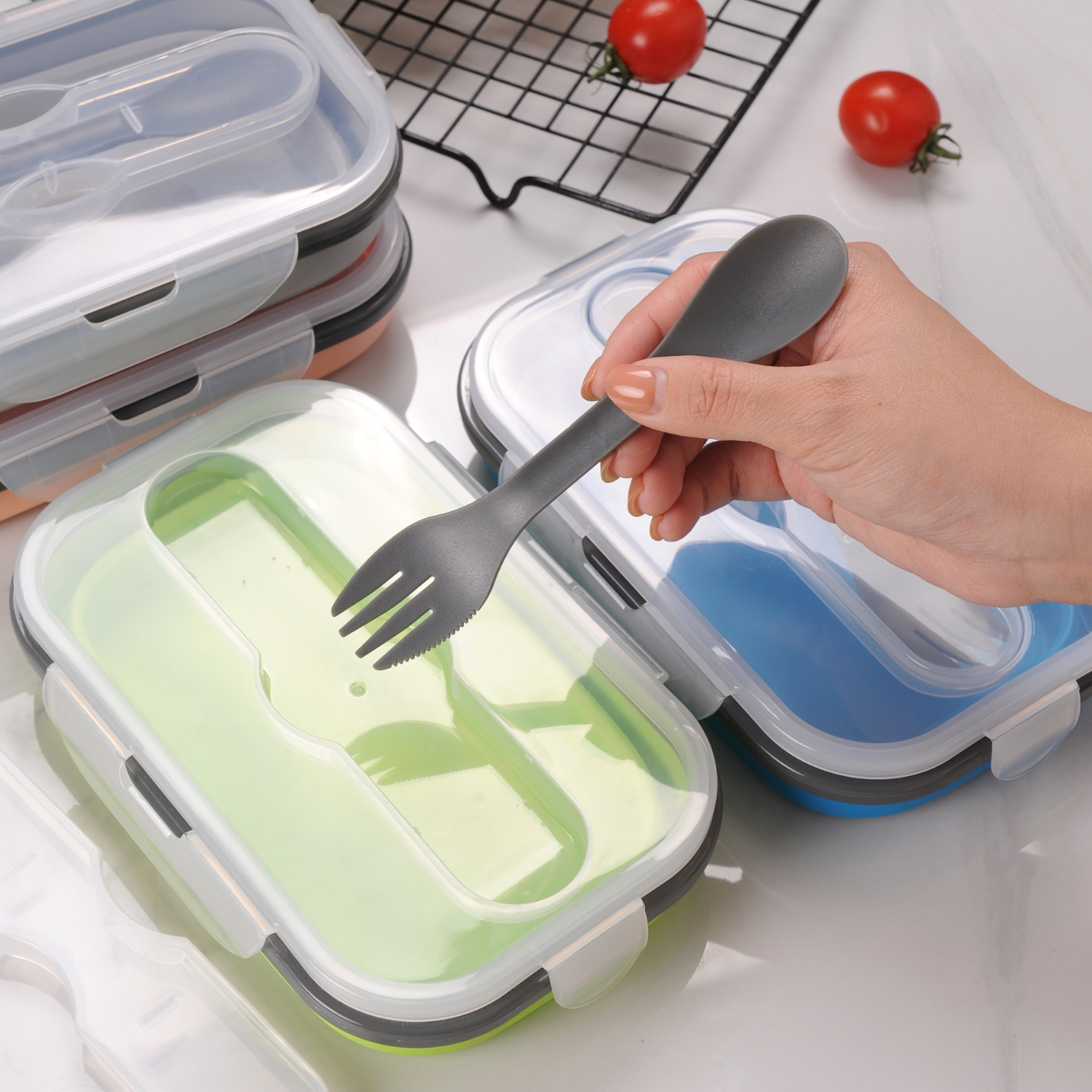 Collapsible Food Grade Silicone Lunch Bento Box w/ Fork 8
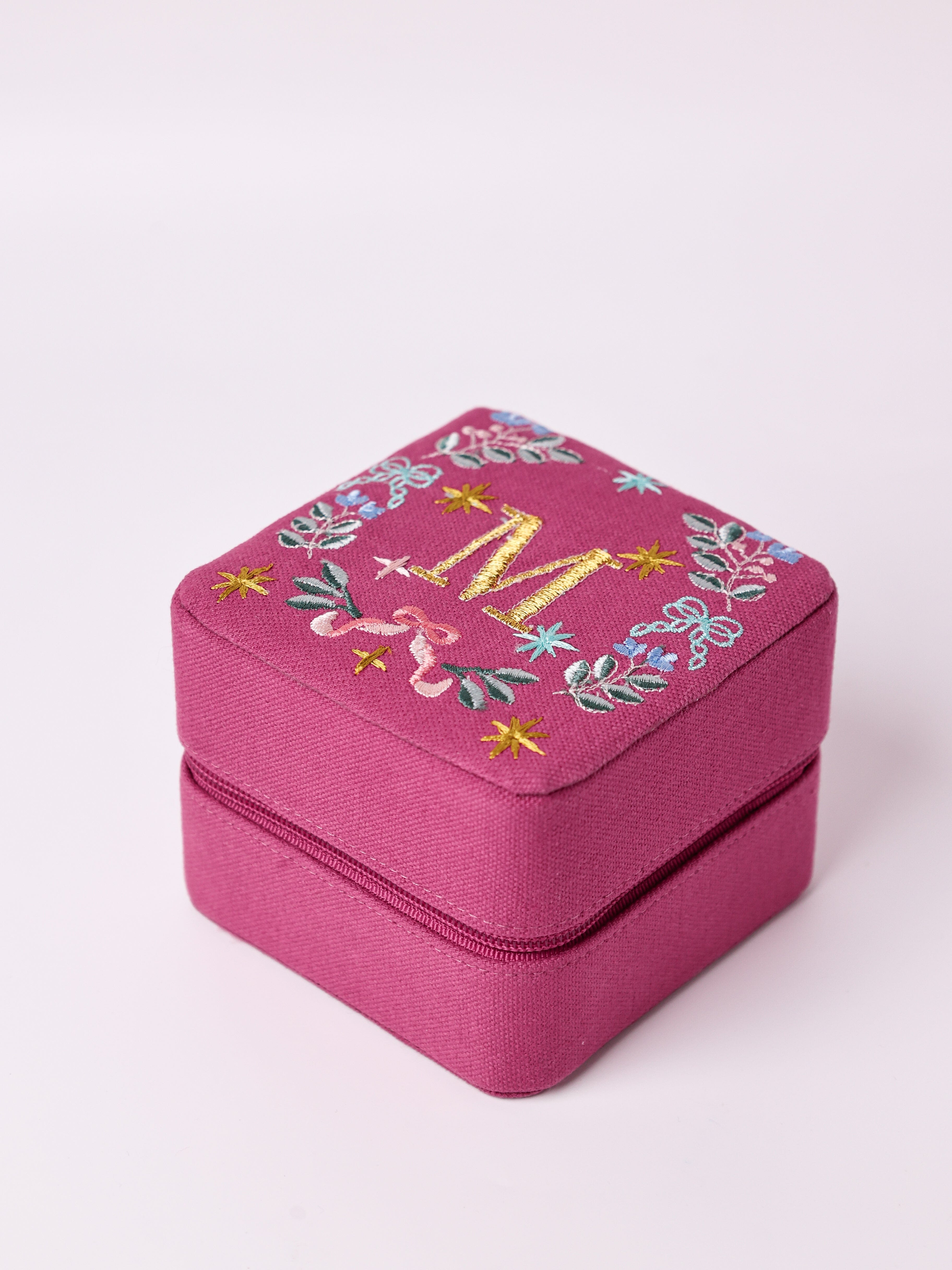 Monogram M - Secret Garden Embroidered Monogram Mini Jewellery Box | The Wishing Chair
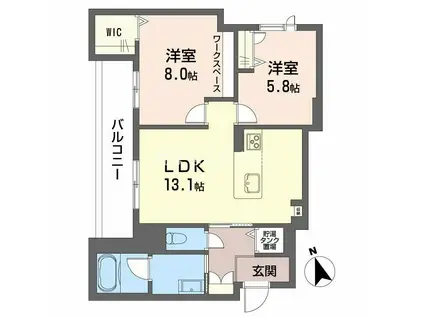 カーサ・レジデンス(2LDK/4階)の間取り写真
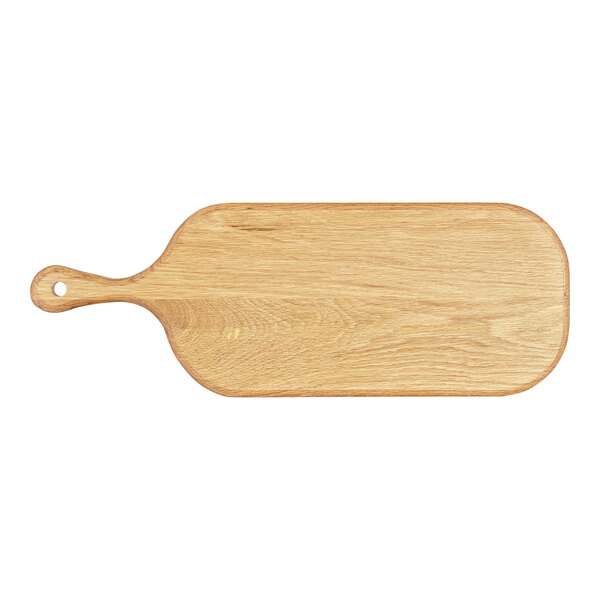A Cal-Mil Sydney oak serving board with a handle.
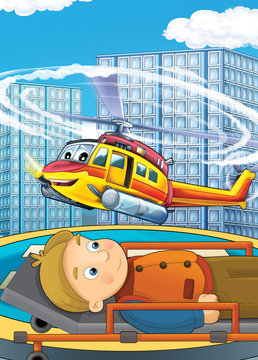 cartoon scene for different usage helicopter and man waiting for transportation - illustration for children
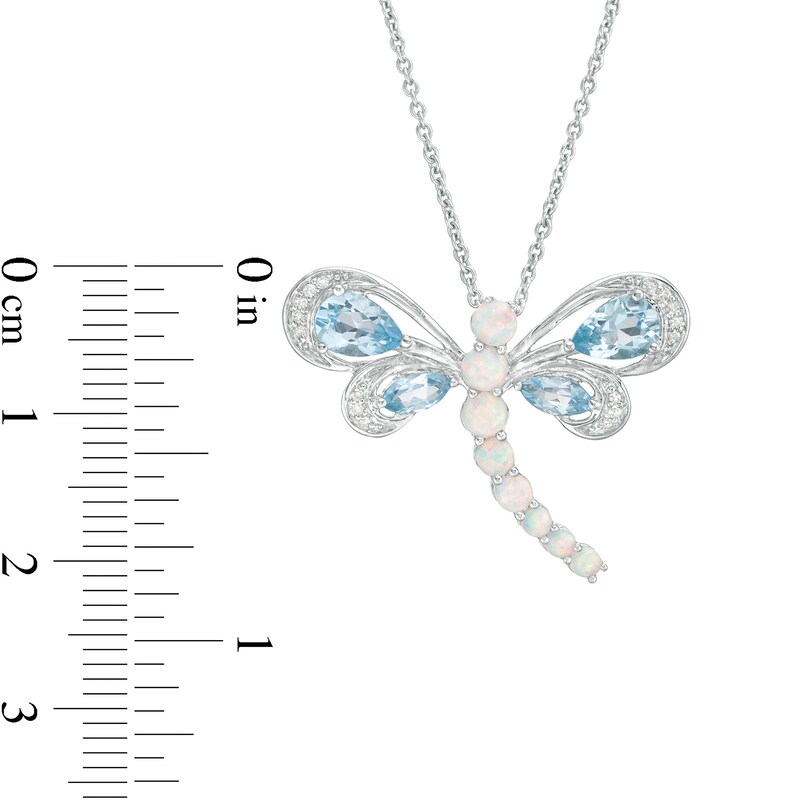 Main Image 2 of Swiss Blue Topaz, Lab-Created Opal and 1/20 CT. T.W. Diamond Dragonfly Pendant in Sterling Silver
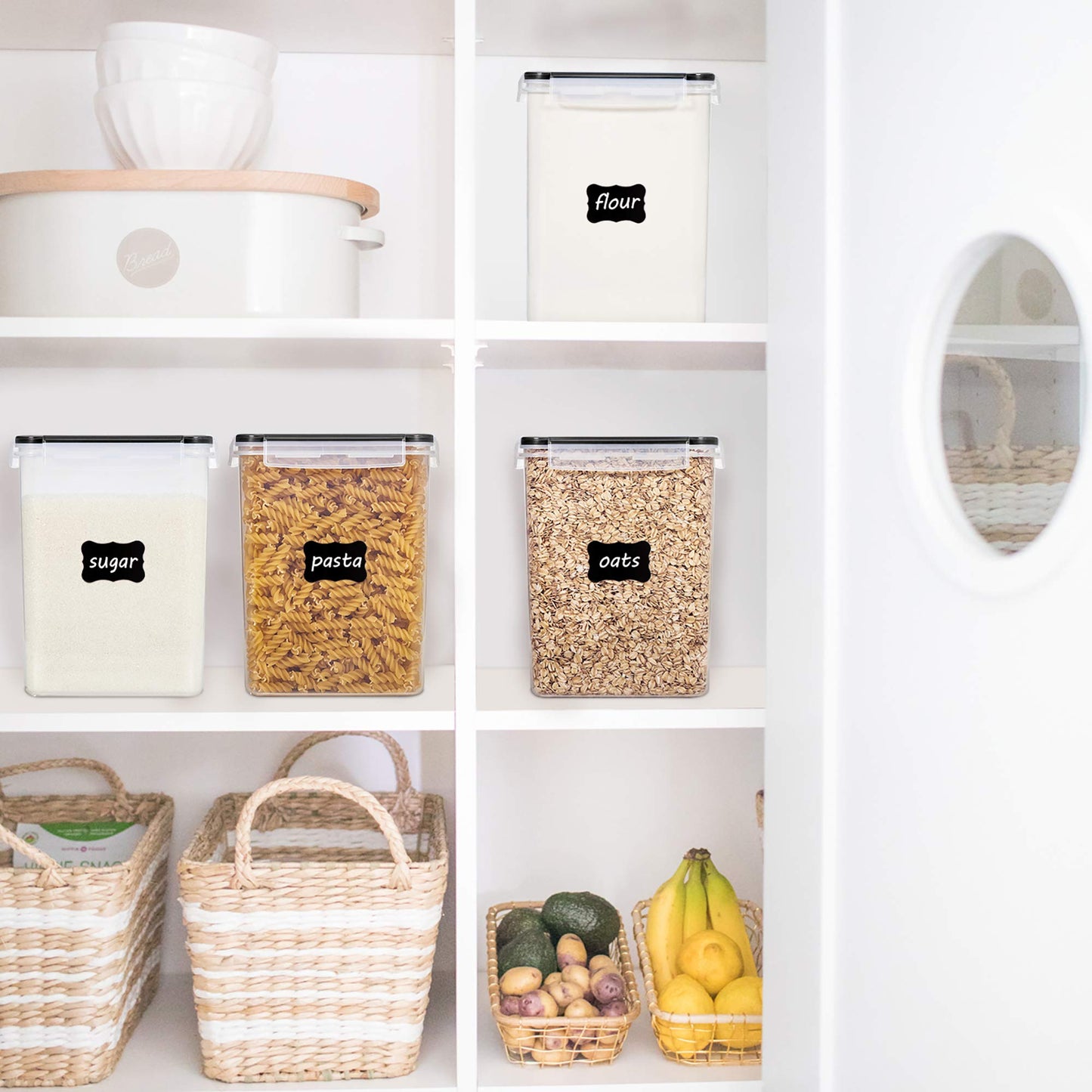 Vtopmart 5.2L Groß Vorratsdosen mit Deckel Luftdicht, 4 Stück Plastik Aufbewahrungsbox Küche Organizer BPA Frei, Aufbewahrung Vorratsbehälter für Zucker und Mehl mit Etiketten und Messbechern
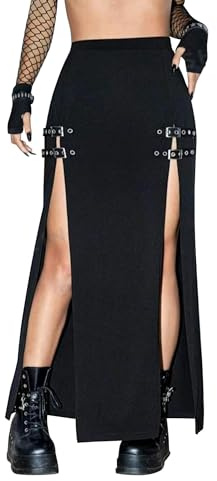 MATSUMIZUYU Black Punk Gothic Rave Maxi Skirts with Double Buckle Split for Women Long Goth High Waist Club Party Slit Skirt-XXXL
^^^^^^^^^^^^^^^^
__Task prompt__
Everything from the line with "Monogram M - Secret" through the line with "cartoon scene for" in the material above should be transcribed exactly, except the pictures.

__Finished task__
 Monogram M - Secret Garden Embroidered Monogram Mini Jewellery Box | The Wishing Chair
 カーサ・レジデンス(2LDK/4階)の間取り写真
A Cal-Mil Sydney oak serving board with a handle.
 cartoon scene for different usage helicopter and man waiting for transportation - illustration for children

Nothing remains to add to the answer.